About this task:
Below are some entries; can you quote all of them exactly?

Scraped caption text data:
========================================
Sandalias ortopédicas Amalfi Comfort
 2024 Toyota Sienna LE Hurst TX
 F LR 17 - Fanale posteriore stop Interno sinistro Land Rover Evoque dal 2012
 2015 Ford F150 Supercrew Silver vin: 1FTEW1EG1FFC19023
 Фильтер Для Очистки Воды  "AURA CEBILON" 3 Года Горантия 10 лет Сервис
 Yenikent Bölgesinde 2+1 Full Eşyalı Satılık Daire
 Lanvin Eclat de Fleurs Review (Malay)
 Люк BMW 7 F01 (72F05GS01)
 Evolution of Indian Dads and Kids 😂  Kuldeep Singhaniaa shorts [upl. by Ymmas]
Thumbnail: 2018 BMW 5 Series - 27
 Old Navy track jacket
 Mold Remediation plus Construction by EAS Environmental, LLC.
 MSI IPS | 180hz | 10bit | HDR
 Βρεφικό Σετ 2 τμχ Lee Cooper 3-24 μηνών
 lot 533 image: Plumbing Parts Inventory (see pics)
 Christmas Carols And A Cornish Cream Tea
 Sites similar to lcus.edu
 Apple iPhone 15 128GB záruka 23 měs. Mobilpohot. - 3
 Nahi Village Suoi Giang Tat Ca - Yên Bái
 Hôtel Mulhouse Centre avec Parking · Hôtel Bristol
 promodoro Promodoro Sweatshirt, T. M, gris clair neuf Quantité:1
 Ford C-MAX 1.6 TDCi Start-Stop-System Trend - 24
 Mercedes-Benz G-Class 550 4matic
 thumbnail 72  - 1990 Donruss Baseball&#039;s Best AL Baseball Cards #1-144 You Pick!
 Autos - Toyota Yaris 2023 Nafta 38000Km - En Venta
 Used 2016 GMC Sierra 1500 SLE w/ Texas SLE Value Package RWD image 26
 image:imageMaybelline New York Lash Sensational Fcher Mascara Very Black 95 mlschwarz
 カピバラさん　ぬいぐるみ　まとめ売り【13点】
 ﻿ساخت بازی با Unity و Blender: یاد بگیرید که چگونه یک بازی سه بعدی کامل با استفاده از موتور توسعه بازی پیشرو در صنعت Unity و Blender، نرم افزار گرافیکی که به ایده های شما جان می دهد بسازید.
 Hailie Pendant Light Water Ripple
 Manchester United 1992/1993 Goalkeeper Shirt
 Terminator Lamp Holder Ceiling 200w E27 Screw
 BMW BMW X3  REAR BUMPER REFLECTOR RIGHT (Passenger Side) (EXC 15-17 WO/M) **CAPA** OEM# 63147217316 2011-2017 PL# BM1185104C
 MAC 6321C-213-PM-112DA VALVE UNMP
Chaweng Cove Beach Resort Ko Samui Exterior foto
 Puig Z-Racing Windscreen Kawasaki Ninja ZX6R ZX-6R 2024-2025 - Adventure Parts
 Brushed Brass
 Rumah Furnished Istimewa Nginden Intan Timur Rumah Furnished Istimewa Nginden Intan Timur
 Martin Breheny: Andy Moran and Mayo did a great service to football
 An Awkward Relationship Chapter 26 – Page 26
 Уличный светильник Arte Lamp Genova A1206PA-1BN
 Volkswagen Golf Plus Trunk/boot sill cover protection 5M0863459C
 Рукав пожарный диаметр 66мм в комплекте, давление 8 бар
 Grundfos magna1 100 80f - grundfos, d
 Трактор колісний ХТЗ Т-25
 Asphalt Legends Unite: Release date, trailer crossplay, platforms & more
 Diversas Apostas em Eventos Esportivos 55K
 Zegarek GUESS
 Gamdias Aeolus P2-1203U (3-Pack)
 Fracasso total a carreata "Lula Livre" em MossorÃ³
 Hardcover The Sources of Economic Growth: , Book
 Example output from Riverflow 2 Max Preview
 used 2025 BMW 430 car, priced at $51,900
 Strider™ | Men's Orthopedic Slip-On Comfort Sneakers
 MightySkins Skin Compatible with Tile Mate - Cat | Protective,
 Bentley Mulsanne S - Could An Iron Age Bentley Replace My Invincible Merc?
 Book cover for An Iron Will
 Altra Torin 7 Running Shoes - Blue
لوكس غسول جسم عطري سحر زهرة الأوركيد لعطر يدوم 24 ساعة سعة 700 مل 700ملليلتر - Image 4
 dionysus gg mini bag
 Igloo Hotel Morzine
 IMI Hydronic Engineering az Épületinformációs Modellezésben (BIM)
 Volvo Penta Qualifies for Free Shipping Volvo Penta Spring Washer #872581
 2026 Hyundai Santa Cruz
========================================
Expected output:
Sandalias ortopédicas Amalfi Comfort
 2024 Toyota Sienna LE Hurst TX
 F LR 17 - Fanale posteriore stop Interno sinistro Land Rover Evoque dal 2012
 2015 Ford F150 Supercrew Silver vin: 1FTEW1EG1FFC19023
 Фильтер Для Очистки Воды  "AURA CEBILON" 3 Года Горантия 10 лет Сервис
 Yenikent Bölgesinde 2+1 Full Eşyalı Satılık Daire
 Lanvin Eclat de Fleurs Review (Malay)
 Люк BMW 7 F01 (72F05GS01)
 Evolution of Indian Dads and Kids 😂  Kuldeep Singhaniaa shorts [upl. by Ymmas]
Thumbnail: 2018 BMW 5 Series - 27
 Old Navy track jacket
 Mold Remediation plus Construction by EAS Environmental, LLC.
 MSI IPS | 180hz | 10bit | HDR
 Βρεφικό Σετ 2 τμχ Lee Cooper 3-24 μηνών
 lot 533 image: Plumbing Parts Inventory (see pics)
 Christmas Carols And A Cornish Cream Tea
 Sites similar to lcus.edu
 Apple iPhone 15 128GB záruka 23 měs. Mobilpohot. - 3
 Nahi Village Suoi Giang Tat Ca - Yên Bái
 Hôtel Mulhouse Centre avec Parking · Hôtel Bristol
 promodoro Promodoro Sweatshirt, T. M, gris clair neuf Quantité:1
 Ford C-MAX 1.6 TDCi Start-Stop-System Trend - 24
 Mercedes-Benz G-Class 550 4matic
 thumbnail 72  - 1990 Donruss Baseball&#039;s Best AL Baseball Cards #1-144 You Pick!
 Autos - Toyota Yaris 2023 Nafta 38000Km - En Venta
 Used 2016 GMC Sierra 1500 SLE w/ Texas SLE Value Package RWD image 26
 image:imageMaybelline New York Lash Sensational Fcher Mascara Very Black 95 mlschwarz
 カピバラさん　ぬいぐるみ　まとめ売り【13点】
 ﻿ساخت بازی با Unity و Blender: یاد بگیرید که چگونه یک بازی سه بعدی کامل با استفاده از موتور توسعه بازی پیشرو در صنعت Unity و Blender، نرم افزار گرافیکی که به ایده های شما جان می دهد بسازید.
 Hailie Pendant Light Water Ripple
 Manchester United 1992/1993 Goalkeeper Shirt
 Terminator Lamp Holder Ceiling 200w E27 Screw
 BMW BMW X3  REAR BUMPER REFLECTOR RIGHT (Passenger Side) (EXC 15-17 WO/M) **CAPA** OEM# 63147217316 2011-2017 PL# BM1185104C
 MAC 6321C-213-PM-112DA VALVE UNMP
Chaweng Cove Beach Resort Ko Samui Exterior foto
 Puig Z-Racing Windscreen Kawasaki Ninja ZX6R ZX-6R 2024-2025 - Adventure Parts
 Brushed Brass
 Rumah Furnished Istimewa Nginden Intan Timur Rumah Furnished Istimewa Nginden Intan Timur
 Martin Breheny: Andy Moran and Mayo did a great service to football
 An Awkward Relationship Chapter 26 – Page 26
 Уличный светильник Arte Lamp Genova A1206PA-1BN
 Volkswagen Golf Plus Trunk/boot sill cover protection 5M0863459C
 Рукав пожарный диаметр 66мм в комплекте, давление 8 бар
 Grundfos magna1 100 80f - grundfos, d
 Трактор колісний ХТЗ Т-25
 Asphalt Legends Unite: Release date, trailer crossplay, platforms & more
 Diversas Apostas em Eventos Esportivos 55K
 Zegarek GUESS
 Gamdias Aeolus P2-1203U (3-Pack)
 Fracasso total a carreata "Lula Livre" em MossorÃ³
 Hardcover The Sources of Economic Growth: , Book
 Example output from Riverflow 2 Max Preview
 used 2025 BMW 430 car, priced at $51,900
 Strider™ | Men's Orthopedic Slip-On Comfort Sneakers
 MightySkins Skin Compatible with Tile Mate - Cat | Protective,
 Bentley Mulsanne S - Could An Iron Age Bentley Replace My Invincible Merc?
 Book cover for An Iron Will
 Altra Torin 7 Running Shoes - Blue
لوكس غسول جسم عطري سحر زهرة الأوركيد لعطر يدوم 24 ساعة سعة 700 مل 700ملليلتر - Image 4
 dionysus gg mini bag
 Igloo Hotel Morzine
 IMI Hydronic Engineering az Épületinformációs Modellezésben (BIM)
 Volvo Penta Qualifies for Free Shipping Volvo Penta Spring Washer #872581
 2026 Hyundai Santa Cruz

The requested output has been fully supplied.